As the answer, give exactly the lines of the records below from the one with "2011 Chrysler Town" through the one with "Burg Heinfels in Osttirol", ends included and pictures left out.

(MATERIAL FOR THIS TASK)
· · · ·
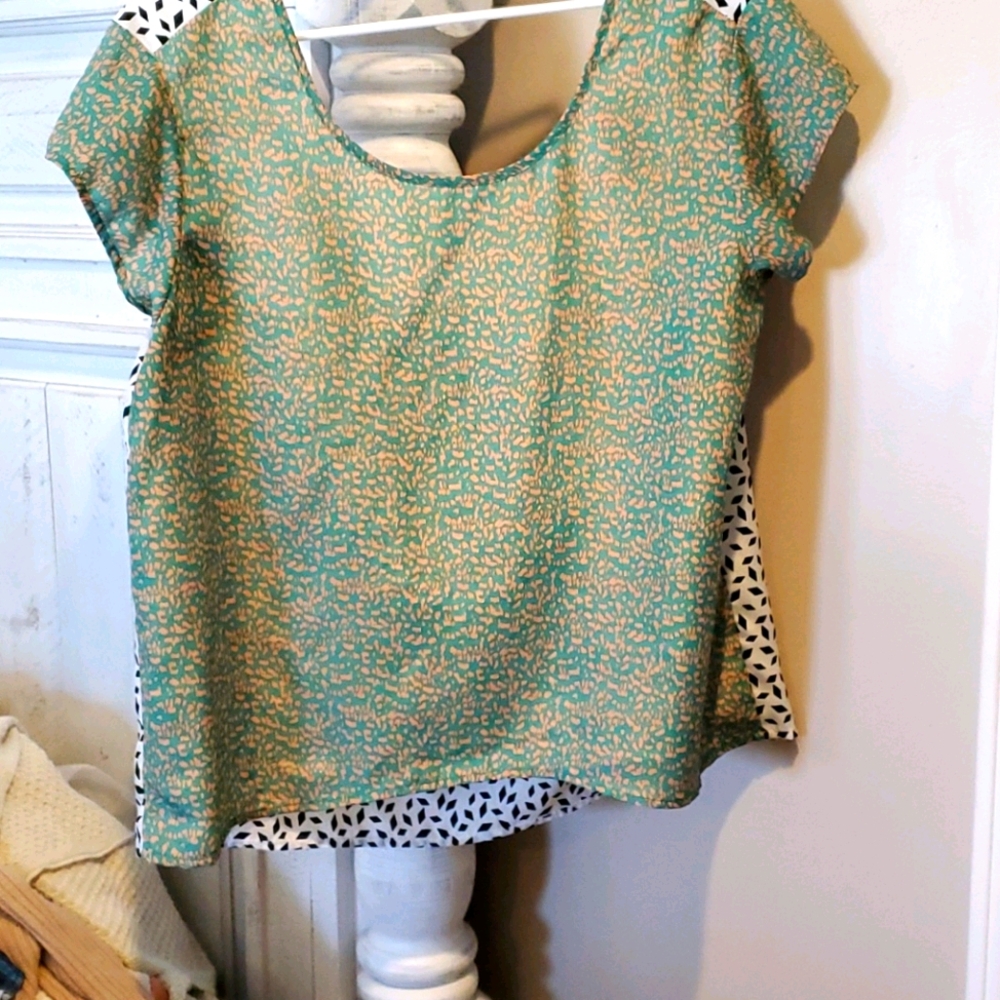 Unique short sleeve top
· · · ·
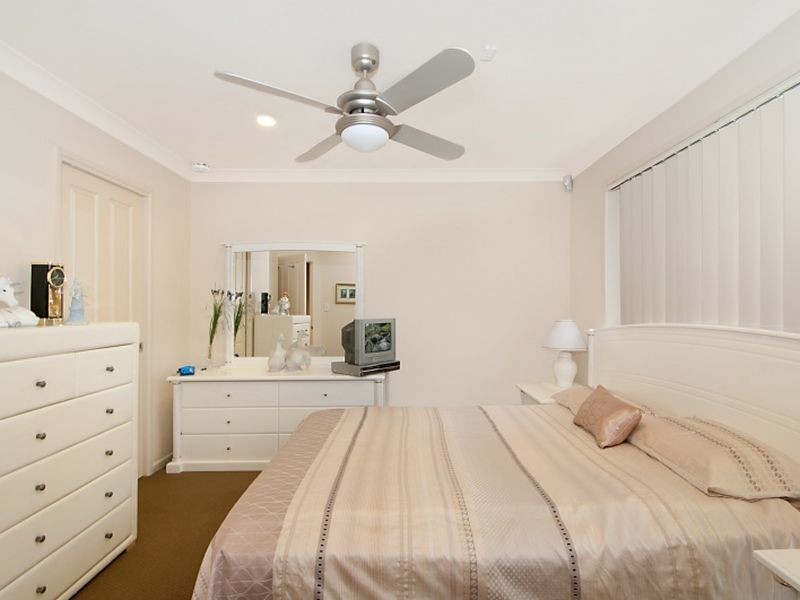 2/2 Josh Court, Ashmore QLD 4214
· · · ·
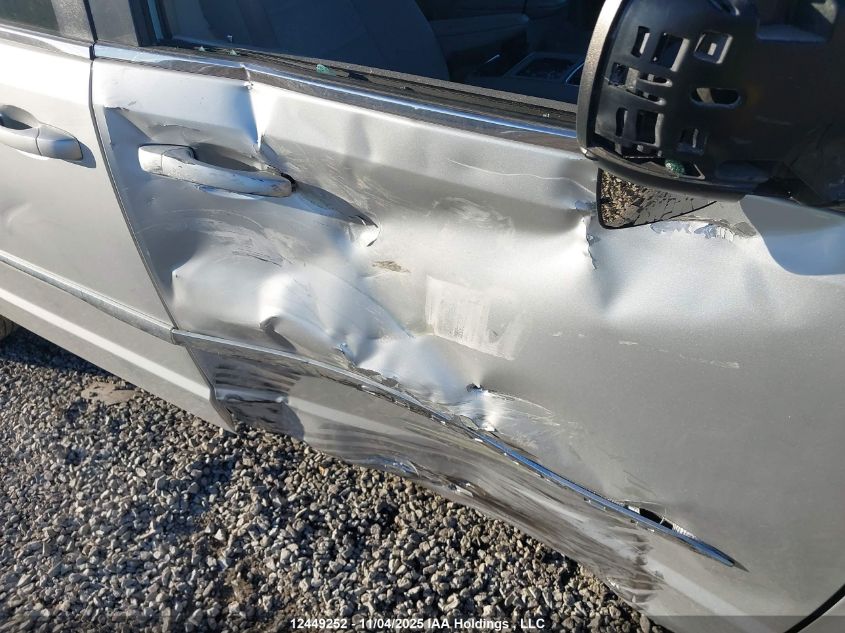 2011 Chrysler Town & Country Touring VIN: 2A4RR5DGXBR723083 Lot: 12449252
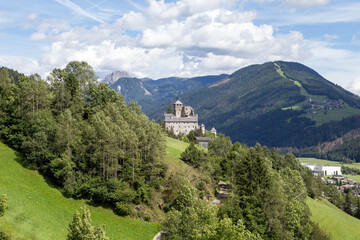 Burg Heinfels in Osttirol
· · · ·
(RESULT OF THIS TASK)
 2011 Chrysler Town & Country Touring VIN: 2A4RR5DGXBR723083 Lot: 12449252
 Burg Heinfels in Osttirol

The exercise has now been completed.